Five O’Malley appointees and three state senators on the panel endorsed a plan Wednesday to add a Prince George’s casino, probably at National Harbor, and to allow Las Vegas-style table games at Maryland’s five previously authorized slots locations.
But the dissent of the three other members — all from the House of Delegates — was enough to sink the plan, on which O’Malley was seeking a “consensus.”
House Speaker Michael E. Busch (D-Anne Arundel), who appointed and advised the delegates on the panel, came under fire Thursday not only from O’Malley but also from Prince George’s County Executive Rushern L. Baker III (D), a major casino booster.
Baker said he believed that he had been misled and “lied to” by Busch, a longtime mentor, about the conditions under which House members would support a Prince George’s casino, which MGM Resorts International has been enlisted to operate.
“Was I mad yesterday? Yes, because I felt like I had been lied to,” Baker said in an interview. “I was lied to by Busch.”
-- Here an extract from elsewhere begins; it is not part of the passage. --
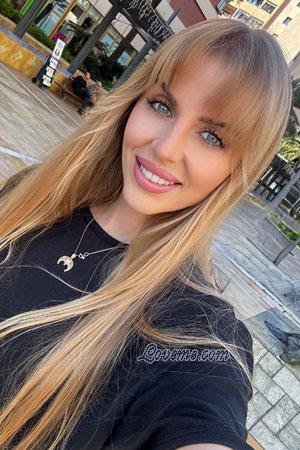 Ladies of Kharkov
Busch said he thought he had been “candid and straightforward with everybody” who had talked to him about gambling in recent weeks. “I have the utmost respect for Rushern Baker. He’s a quality guy and individual,” Busch said.
Busch said House members were willing to agree to a Prince George’s site, but only if the existing 67 percent tax rate for casino owners stayed in place. The rest of the work group endorsed a plan that would lower tax rates to reflect the increased competition.
Under that plan, two casinos — in Anne Arundel and Baltimore — would get at least a 5 percentage point reduction in their tax rates. And the operator of the Prince George’s casino could seek a similar reduction when bidding for a license.
Senate Majority Leader Robert J. Garagiola (D-Montgomery), a member of the work group, said the adjustments were needed, given the introduction of another large-scale casino into Maryland’s market.
“I don’t think anyone could say with a straight face that you could have an effective gaming program if you don’t modify what the operators receive,” Garagiola said. “It just wouldn’t be economically viable.”
That sentiment was echoed by Matthew Gallagher, O’Malley’s chief of staff, in an interview.
Garagiola stressed that even with the tax rate reductions, the state would net more than $200 million in additional money each year from the work group’s plan.
Both Busch and Garagiola expressed a willingness to continue talking about their differences in coming days.